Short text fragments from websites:
******
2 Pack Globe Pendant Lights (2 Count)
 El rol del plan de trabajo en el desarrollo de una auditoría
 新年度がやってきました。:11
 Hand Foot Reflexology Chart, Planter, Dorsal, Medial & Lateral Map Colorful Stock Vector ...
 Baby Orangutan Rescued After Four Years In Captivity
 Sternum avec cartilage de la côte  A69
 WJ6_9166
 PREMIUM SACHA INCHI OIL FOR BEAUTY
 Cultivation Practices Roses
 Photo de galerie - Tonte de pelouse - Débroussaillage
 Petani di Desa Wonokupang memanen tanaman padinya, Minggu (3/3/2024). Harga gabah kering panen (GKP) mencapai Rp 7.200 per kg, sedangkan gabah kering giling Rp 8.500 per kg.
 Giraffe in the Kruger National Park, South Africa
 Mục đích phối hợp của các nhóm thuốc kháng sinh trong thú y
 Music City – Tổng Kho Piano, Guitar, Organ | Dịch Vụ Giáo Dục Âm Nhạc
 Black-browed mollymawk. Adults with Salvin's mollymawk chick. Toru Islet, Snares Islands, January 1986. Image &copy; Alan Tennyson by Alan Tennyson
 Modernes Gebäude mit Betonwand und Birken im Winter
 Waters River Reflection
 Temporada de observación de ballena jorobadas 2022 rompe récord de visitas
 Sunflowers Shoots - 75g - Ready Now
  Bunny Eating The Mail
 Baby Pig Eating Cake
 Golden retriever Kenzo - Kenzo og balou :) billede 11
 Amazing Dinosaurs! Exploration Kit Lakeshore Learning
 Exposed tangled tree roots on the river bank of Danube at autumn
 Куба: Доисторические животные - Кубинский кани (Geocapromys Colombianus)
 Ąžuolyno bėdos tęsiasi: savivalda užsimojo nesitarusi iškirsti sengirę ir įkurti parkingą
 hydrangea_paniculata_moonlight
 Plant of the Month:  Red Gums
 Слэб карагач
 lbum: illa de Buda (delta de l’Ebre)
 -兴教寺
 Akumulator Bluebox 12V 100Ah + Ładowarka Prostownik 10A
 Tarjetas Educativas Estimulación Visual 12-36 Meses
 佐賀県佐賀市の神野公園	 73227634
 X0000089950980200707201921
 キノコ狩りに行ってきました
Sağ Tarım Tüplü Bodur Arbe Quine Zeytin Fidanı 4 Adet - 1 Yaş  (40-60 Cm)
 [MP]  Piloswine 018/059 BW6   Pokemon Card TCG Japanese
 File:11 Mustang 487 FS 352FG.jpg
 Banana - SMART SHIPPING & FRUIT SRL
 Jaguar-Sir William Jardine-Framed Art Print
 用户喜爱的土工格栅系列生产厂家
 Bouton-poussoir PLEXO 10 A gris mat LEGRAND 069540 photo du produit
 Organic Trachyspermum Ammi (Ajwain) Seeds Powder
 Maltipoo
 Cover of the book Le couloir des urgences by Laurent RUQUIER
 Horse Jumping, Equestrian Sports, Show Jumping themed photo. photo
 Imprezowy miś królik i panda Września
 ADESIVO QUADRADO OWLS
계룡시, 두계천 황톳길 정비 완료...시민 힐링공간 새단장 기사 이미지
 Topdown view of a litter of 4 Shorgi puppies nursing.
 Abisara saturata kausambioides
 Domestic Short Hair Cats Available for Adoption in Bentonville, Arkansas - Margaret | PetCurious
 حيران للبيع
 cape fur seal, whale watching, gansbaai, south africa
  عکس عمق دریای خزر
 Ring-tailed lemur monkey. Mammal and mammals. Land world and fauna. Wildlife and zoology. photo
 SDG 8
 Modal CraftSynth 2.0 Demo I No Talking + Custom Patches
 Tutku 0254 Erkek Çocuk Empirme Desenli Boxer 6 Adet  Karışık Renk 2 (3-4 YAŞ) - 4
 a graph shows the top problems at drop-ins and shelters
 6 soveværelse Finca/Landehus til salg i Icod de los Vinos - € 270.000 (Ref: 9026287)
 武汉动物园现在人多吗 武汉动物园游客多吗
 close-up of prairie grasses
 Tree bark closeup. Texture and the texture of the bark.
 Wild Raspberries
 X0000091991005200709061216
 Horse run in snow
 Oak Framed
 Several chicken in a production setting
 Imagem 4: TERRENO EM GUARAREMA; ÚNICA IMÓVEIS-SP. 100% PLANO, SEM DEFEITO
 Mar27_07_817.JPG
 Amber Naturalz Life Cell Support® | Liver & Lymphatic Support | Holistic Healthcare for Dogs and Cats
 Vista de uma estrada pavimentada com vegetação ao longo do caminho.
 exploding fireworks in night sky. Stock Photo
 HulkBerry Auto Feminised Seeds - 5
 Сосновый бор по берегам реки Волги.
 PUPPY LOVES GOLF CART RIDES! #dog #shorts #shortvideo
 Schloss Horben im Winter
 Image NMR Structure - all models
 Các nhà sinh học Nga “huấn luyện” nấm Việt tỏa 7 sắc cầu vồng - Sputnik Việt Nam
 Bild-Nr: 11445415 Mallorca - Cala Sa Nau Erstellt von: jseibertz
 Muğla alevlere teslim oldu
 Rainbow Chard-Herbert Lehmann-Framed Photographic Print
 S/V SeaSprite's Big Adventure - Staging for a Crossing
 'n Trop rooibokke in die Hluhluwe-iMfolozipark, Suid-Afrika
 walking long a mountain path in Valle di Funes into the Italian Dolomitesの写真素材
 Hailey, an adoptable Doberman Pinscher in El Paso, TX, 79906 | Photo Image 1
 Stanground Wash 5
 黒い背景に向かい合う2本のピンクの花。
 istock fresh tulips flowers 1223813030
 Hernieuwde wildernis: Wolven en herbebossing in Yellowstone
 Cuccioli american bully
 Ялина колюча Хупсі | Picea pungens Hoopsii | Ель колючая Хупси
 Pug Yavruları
******
Reproduce every line above containing "Seeds".

RESPONSE TO THE TASK:
 Organic Trachyspermum Ammi (Ajwain) Seeds Powder
 HulkBerry Auto Feminised Seeds - 5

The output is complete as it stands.